The last but not the least application to be discussed in the present work is connectivity and messaging. It also plays a significant role in the quality improvement process of any hospital due to its specific contribution to the work arrangement in an institution of such kind:
“Connectivity and messaging standards have matured in recent years, including the common object-request broker architecture (CORBA), extensible markup language (XML), and, more recently, “web services” standards” (Ransom et al., 2008).
The main function of connectivity and messaging is to reduce costs; that is wonderfully done with the help of standards introduced in this application (Ransom et al., 2008). It is a relatively new application in the healthcare industry and it has not been widely used yet, but the QI process requires a wider range of IT applications to be implemented, so it is possible to say that this one will acquire popularity in the nearest future.
Potential QI Benchmarks and Milestones
Benchmarks and milestones play an important role in the QI implementation due to the attention paid to other institutions, gaining competitive advantage and ensuring comprehensive assessment and improvement. Benchmarking in its essence comprises comparison of performance indicators of one institution with another one to understand what pitfalls it has and what areas it should improve. Rossi (2003) argues that a hospital planning to undertake the BM research should pay attention to the following areas, among others: what areas are causing the most trouble, what operation problems have been identified and what products are aimed at providing the patient/customer satisfaction.
These are only a couple of indicators mentioned in his work; however, they provide the general understanding of procedures involved in benchmarking. What every hospital’s administration should remember is that every hospital should have a competitive advantage, so repetitive BM research is essential in every industry, and health care is not an exception.
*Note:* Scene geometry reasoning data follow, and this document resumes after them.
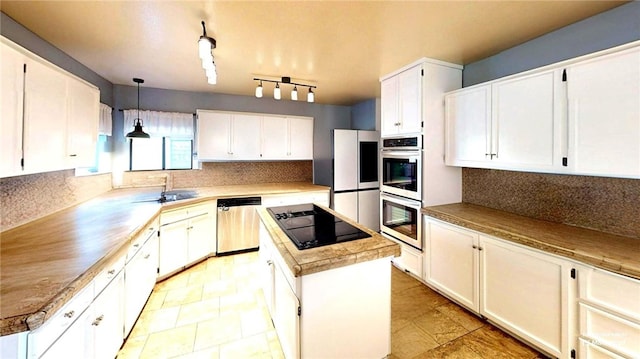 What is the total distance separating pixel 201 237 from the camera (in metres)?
3.37

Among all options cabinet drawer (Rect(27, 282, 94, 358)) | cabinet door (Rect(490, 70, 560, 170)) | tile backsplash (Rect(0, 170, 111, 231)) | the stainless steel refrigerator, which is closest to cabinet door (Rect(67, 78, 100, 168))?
tile backsplash (Rect(0, 170, 111, 231))

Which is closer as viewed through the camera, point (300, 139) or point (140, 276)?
point (140, 276)

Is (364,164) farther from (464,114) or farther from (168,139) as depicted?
(168,139)

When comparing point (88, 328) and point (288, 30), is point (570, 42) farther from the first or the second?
point (88, 328)

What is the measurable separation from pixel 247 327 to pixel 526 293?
2.16 metres

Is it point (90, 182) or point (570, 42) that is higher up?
point (570, 42)

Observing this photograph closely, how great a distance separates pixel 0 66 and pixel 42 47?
1245mm

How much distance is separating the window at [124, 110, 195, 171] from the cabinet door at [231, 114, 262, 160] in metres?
0.64

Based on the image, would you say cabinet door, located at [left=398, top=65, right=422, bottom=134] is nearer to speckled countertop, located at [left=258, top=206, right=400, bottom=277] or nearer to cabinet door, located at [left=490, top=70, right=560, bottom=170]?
cabinet door, located at [left=490, top=70, right=560, bottom=170]

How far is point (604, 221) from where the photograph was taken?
5.94 feet

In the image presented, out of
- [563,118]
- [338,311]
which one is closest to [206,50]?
[338,311]

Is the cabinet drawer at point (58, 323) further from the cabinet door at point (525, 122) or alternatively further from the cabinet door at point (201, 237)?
the cabinet door at point (525, 122)

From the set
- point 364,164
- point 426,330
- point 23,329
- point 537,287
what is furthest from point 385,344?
point 364,164

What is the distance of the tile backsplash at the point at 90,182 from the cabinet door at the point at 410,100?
235 cm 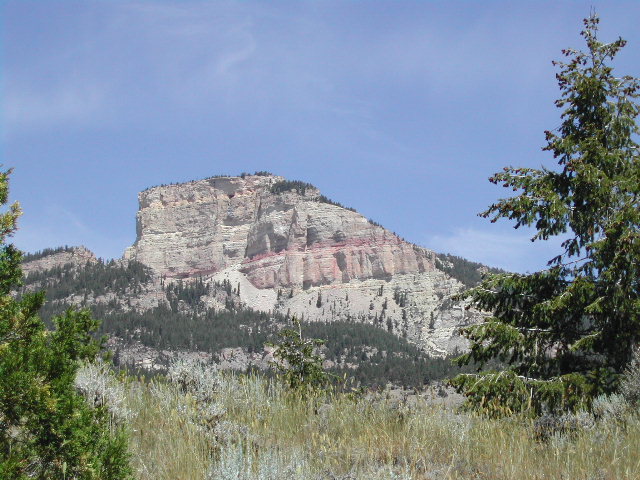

Milestones are vital in the process of generating the set of measures according to which the hospital’s quality will be measured. The efficiency of choosing the parameters may seriously affect the accuracy of assessment, so Ransom et al. (2008) offer a set of milestones that can be applied in this process: developing a measurement philosophy, identifying the concepts to be measured, selecting specific measures, developing operation definition for each measure etc. (p. 89). It goes without saying that these milestones are an indispensible element of designing a QI plan and implementing it in any hospital.
References
Dlugacz, Y. D. (2006). Measuring Health Care. John Wiley & Sons.
Ransom, E.R., Joshi, M.S., Nash, D.B., & Ransom, S.B. (Eds.). (2008). The Healthcare Quality Book (2nd ed.). Health Administration Press, Chicago.
Rossi, P. (2003). Case Management in Health Care (2nd ed.). Elsevier Health Sciences.